How to Make a High-Tech Folder

How to Make a High-Tech Folder

When the blade is cool enough to handle, I put it on a hardened, precision, flat piece of steel and hold it up to the light to see if there is any warpage or bow. I place the blade, with the side that I ground flat on the disk down, on that piece of steel. This side will let me know how much the blade has moved during heat-treating. Since, prior to heat-treating it was absolutely flat, the light will show any gaps.

If the blade has a bow, I use my arbor press to straighten it out. I remove the anvil that comes with the arbor press and replace it with a horseshoe-shaped piece of aluminum. The gap is about 2 ¾ inches wide and it lies on the base.
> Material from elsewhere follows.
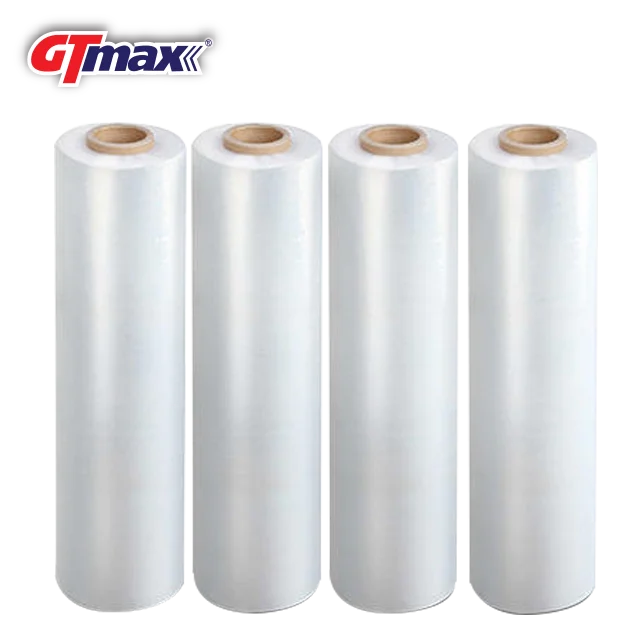 LLDPE Pallet Wrapping Packaging  Stretch Film Plastic Stretch Film for packaging use / industrial use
This allows me to move the block of aluminum side to side so I can manipulate the steel as it requires.

By pressing the blade in the center of the gap, you produce a consistent curve throughout the blade. By shifting the aluminum plate off to one side, you can pinpoint a specific area to correct. Keep in mind that you have limited time to do this before the blade becomes too hard and brittle.

This is well worth mentioning—damascus steel has a much higher tendency to warp because the steel is placed under a tremendous amount of stress during the initial forging process. From my experience, when it comes to warping, twist-pattern damascus is one of the worst offenders. This is due to the nature of the process used to achieve a twist pattern.
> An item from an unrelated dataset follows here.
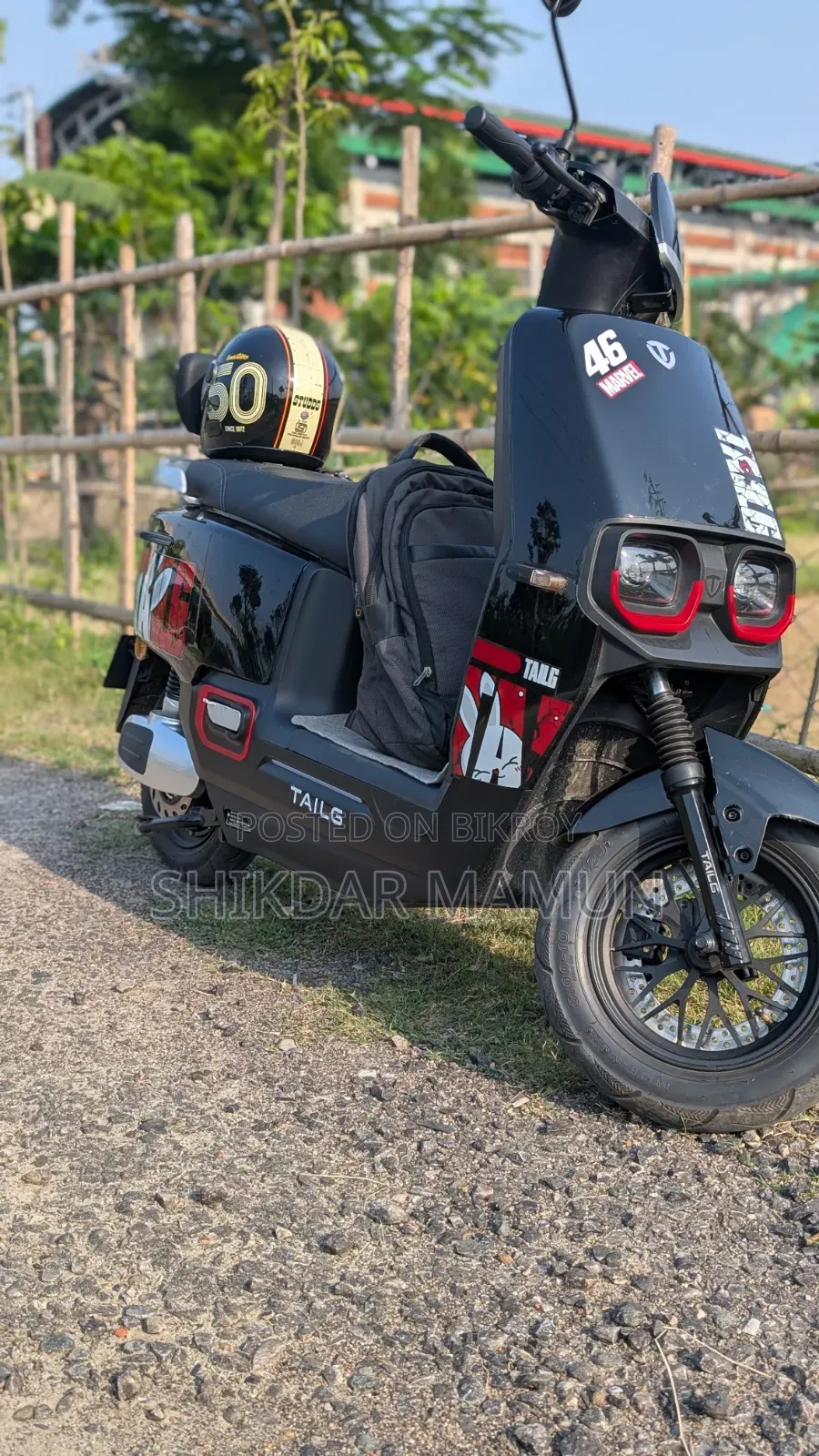 Tailg 2026 Black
After the straightening process, the blade is double tempered and then it is time to start working on it. The entire edge of the blade is refined, straightened and brought to a 400-grit finish. I profile the edge of the blade with a smooth 90-durometer, 8-inch wheel. I use a hard wheel for this process because I want the edge to be flat with minimal rolling of the corners. A softer wheel, if pressed hard enough, will roll the edge of the material.

When the edge is completely done, I flatten one side on the disk grinder. The side that I flatten is the same side I flatten prior to drilling and heat-treating. This gives me a known flat surface on the blade. It also removes any type of warp or bow to that one side.

If you do not flatten one side and there is a slight bow, when you surface grind your blade, the magnetic chuck will pull the blade flat. The result is that you will have a parallel blade but it will be bowed. So by flattening one side you will have a straight and parallel blade. If this was a plain stainless steel blade, I would surface grind the blade to a particular thickness. Since this is damascus, the surface grinding will take place later.